It is interesting that zEDIII with TMG or alum adjuvant evoked both Th1 and Th2 types of IgGs and cytokines, suggesting the induction of specific and potent balanced humoral and cellular immune responses with a Th2 bias in immunized mice. These results are not totally unexpected, as studies with flavivirus antigens showed that TMG and alum tends to induce a Th2 type-biased responses [25]. Generally, Th1 response is more preferable for treating viral infection, however, the evidence of protective immunity provided by DNA and inactivated virus-based vaccine formulated with alum - a Th2-biased adjuvant, suggests a Th2-biased response is also just effective.

In our vaccination regime, the protective titer was reached after the delivery of zEDIII boost, suggesting this formulation may gave a lower immunogenicity than that of the inactivated ZIKV in spite of the relatively high dosage of the zEDIII antigen [20]. This is not unexpected because it has been observed that soluble protein-based subunit vaccines, especially those formulated with sub-optimal adjuvants, generally have relatively lower immunogenicity than those based on inactivated or live-attenuated viruses [26]. Further experiments are warranted to identify more immunogenic zEDIII-based antigen formats such as zEDIII-presenting virus-like particles (VLPs) and the optimal adjuvant to enhance the potency of zEDIII so that protective immunity can be provided with a minimal amount of zEDIII dosage and minimal number of antigen delivery.

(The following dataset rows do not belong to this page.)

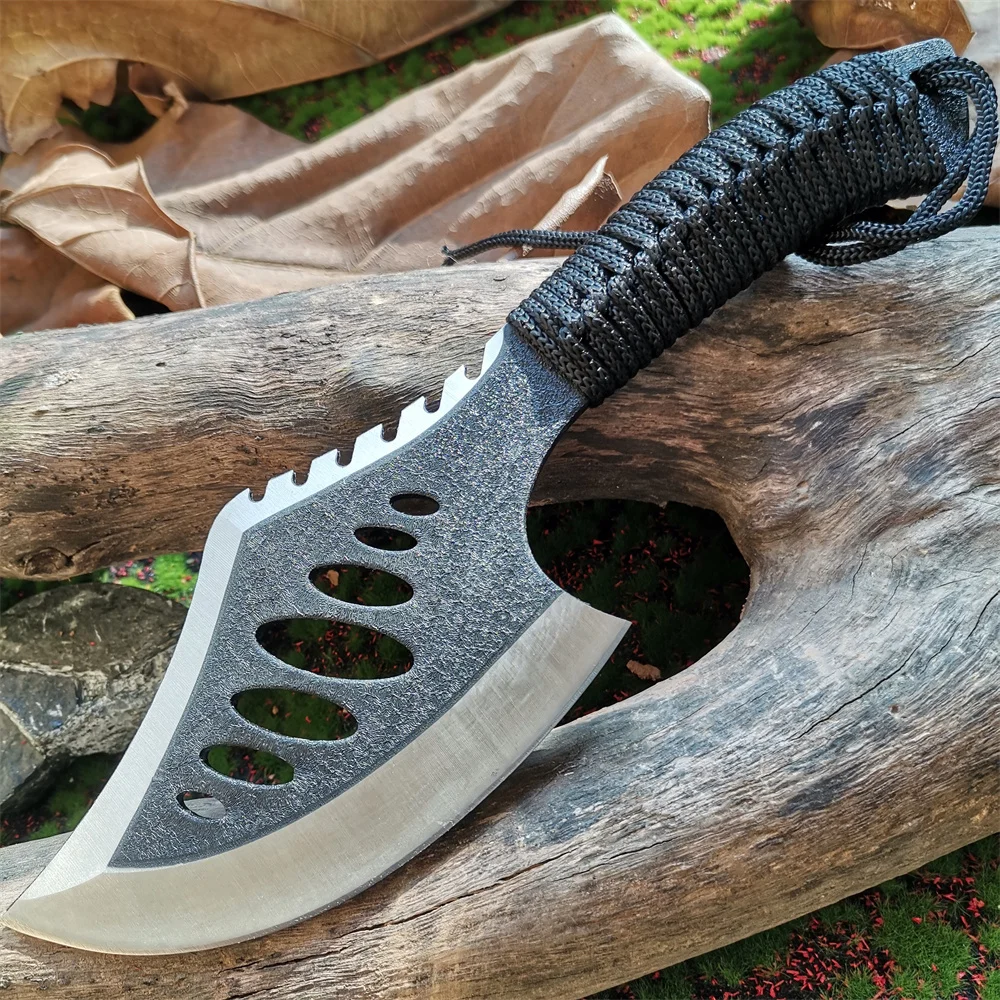 Stainless Steel Survival Hunting Tomahawk Ax - Lightweight Camping Hand Fire Ax with Paracord Handle and Nylon Sheath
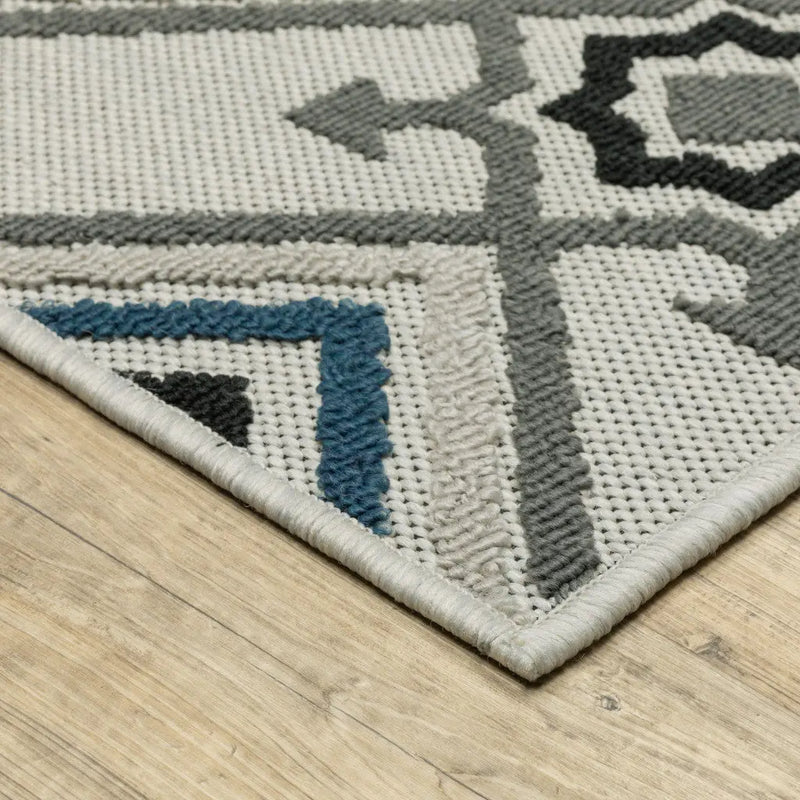 10' X 13' Blue and Beige Oriental Stain Resistant Indoor Outdoor Area Rug Homeroots Outdoor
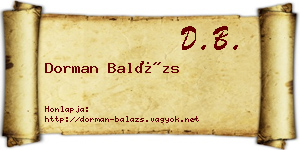 Dorman Balázs névjegykártya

Further study of the protective potency in animal models especially with the optimized form of zEDIII antigen and adjuvant combination is also warranted in the future. The current construct of zEDIII carries a His tag for facile purification. Although the His tag is a short and poorly immunogenic sequence [27], its attachment to zEDIII might interfere with the immunogenicity of zEDIII or raise concerns for His tag-specific immunogenicity if the current zEDIII construct were used for human applications. Even though no His-tagged vaccine has been licensed for human use, vaccine candidates with His tag have successfully made through Phase I and Phase II clinical trials, showing no safety concerns [28]. We project that the aforementioned EDIII optimization process for enhancing its immunogenicity will lead to zEDIII-displaying formats (e.g. VLPs) that eliminate the need of the His tag for purification, as well as enhance the potency of the zEDIII antigen so that it will be safe and potent enough for potential human applications.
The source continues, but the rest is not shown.